Last year, a UK-based energy firm fell victim to an illicit financial scheme. Bad actors utilized AI-based software to impersonate a chief executive’s voice, which demanded a transfer of about US$244,000 to a previously known Hungarian supplier.
The CEO of the UK energy firm thought he was speaking with his boss, the chief executive of the firm’s German parent company. He was not, and was speaking to an AI voice that mirrored the Germany-based CEO. Cybercriminal experts have called this case “unusual” citing that it’s one of the first and among few cases of a known voice-spoofing attack in Europe that clearly capitalized on AI.
Investigators traced the money and found that it was transferred from the Hungarian bank account to another bank in Mexico, and from there it was distributed to other locations.
Rüdiger Kirsch, a fraud expert, shared in the Wall Street Journal that “whoever was behind this incident appears to have used AI-based software to successfully mimic the German executive’s voice by phone.
“The UK CEO recognized his boss’ slight German accent and the melody of his voice on the phone.”
This is a clear example of how deepfakes capitalize on personalization, where generative AI has the ability to create new yet strikingly similar models based on given datasets. This includes mimicking the finer details of a person’s speech right down to their accent, intonations, and even cadence — that specific speech melody that the duped UK CEO described hearing on the call.
This tailored-made financial deception can only evolve to be more sophisticated and potentially aim for larger scams with even more dollar signs at stake. Synthetic media that are highly realistic, customizable, and scalable can be wielded to suit the strategy and capabilities of bad actors.
Ashwin Goolab, a consulting partner of EY Africa, India, and the Middle East, remarked that the advancements of deepfake technologies make it an emerging threat to business.
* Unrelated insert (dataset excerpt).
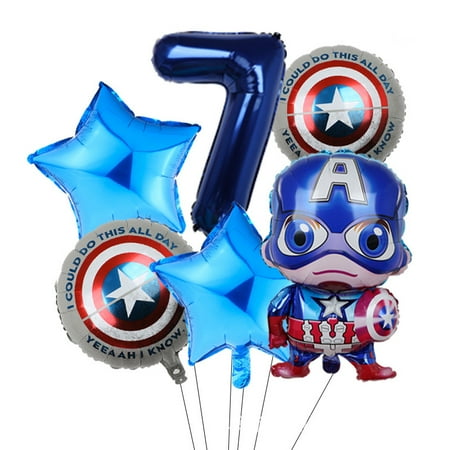 Avengers Marvel Heroes, Spider-Man, Hulk, Captain America, Round Aluminum Film Balloon Set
“It’s now easier than ever to fabricate realistic graphical, audio, video and text-based media of events that never occurred making synthetic, or fake media, one of the biggest new cyber threats to business,” Goolab shared.
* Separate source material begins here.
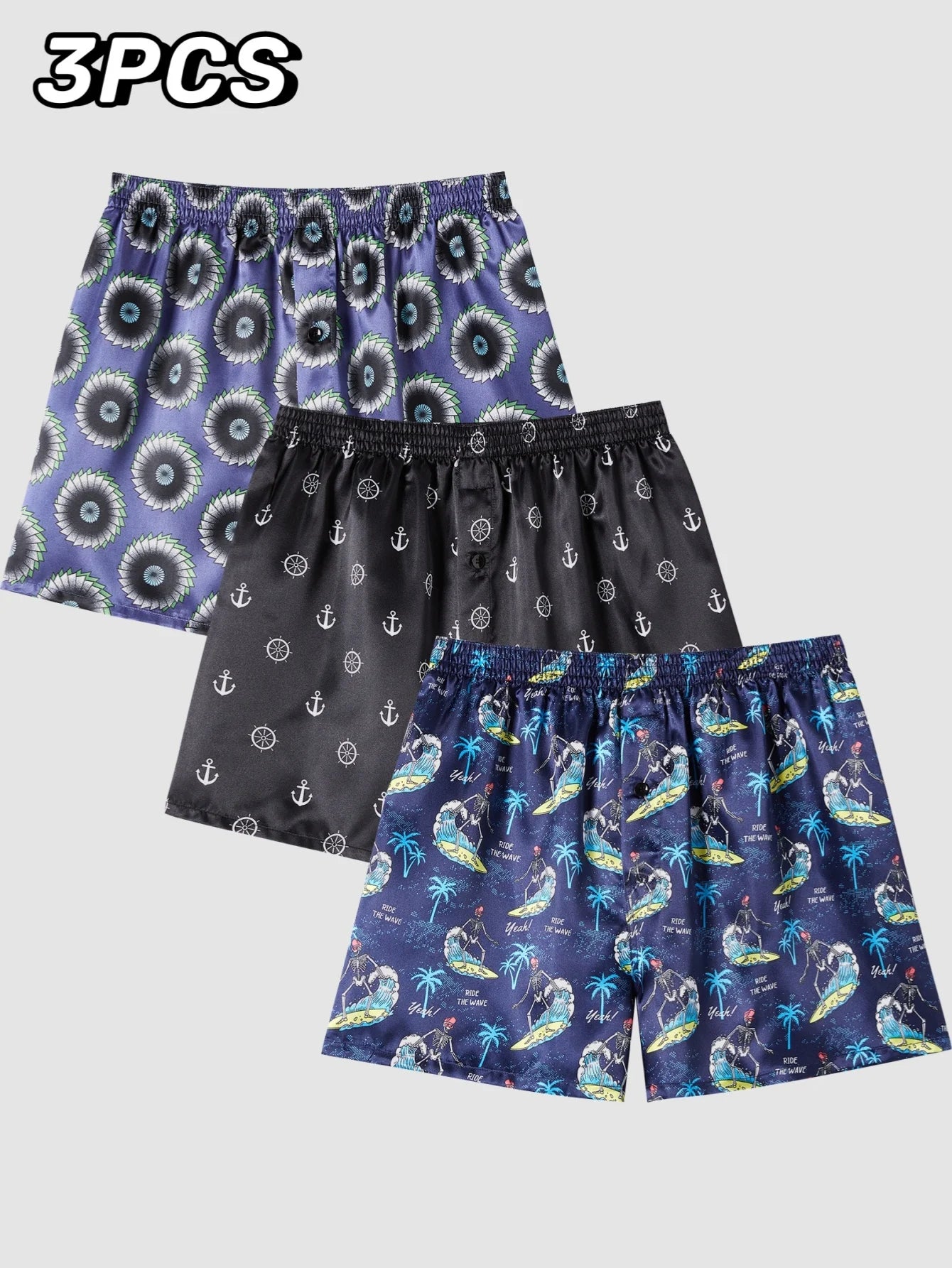 3-Pack Satin Casual Boxer Shorts – Silk Feel Sleepwear with Elastic Waistband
Goolab also pointed out the risks that financial firms face if targeted by technologically savvy bad actors, leveraging deepfake for defamation, manipulation, and fraud.
“A well-timed, sophisticated deepfake video of a CEO saying their company won’t meet targets could send the share price plummeting. Phony audio of an executive admitting to bribing officials is prime fodder for extortion,” Goolab continued, “if released, these could cause serious reputational damage, alienate customers, impact revenue, and contribute to the volatility of financial markets.”
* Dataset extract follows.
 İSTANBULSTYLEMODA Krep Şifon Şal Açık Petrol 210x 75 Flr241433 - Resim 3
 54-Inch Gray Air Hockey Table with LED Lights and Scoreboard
Deepfake content with malicious intent needs to be nipped in the bud, and some actions have already been taken. Professional networking platform LinkedIn intercepted close to 19.5 million fake accounts at the registration stage alone and has managed to root out another 2 million after registration. In one case, a fake LinkedIn account called ‘Katie Jones’ was used to ‘spy’ and phish information from connections— an AI-generated image was enough to dupe unsuspecting businessmen into connecting and potentially sharing sensitive information.
Government bodies are also seen to collaborate with tech giants in combating these synthetic contents. Ahead of the November election, the US government and TikTok linked arms to ban deepfakes and fight misinformation. Social media giants like Facebook and Microsoft have teamed up with academic institutions in the US for a Deepfake Detection Challenge.
Even though detection and verification tools are progressively refined to fish out deepfakes, correspondingly, synthetic content is evolving as well. Hence, a larger and more sustainable framework in fighting deepfakes is crucial.
Jon Bateman writes in Carnegie Endowment for International Peace, “it would be foolish to pin hopes on a silver bullet technology that reliably detects deepfakes. […] Real solutions will blend technology, institutional changes, and broad public awareness.”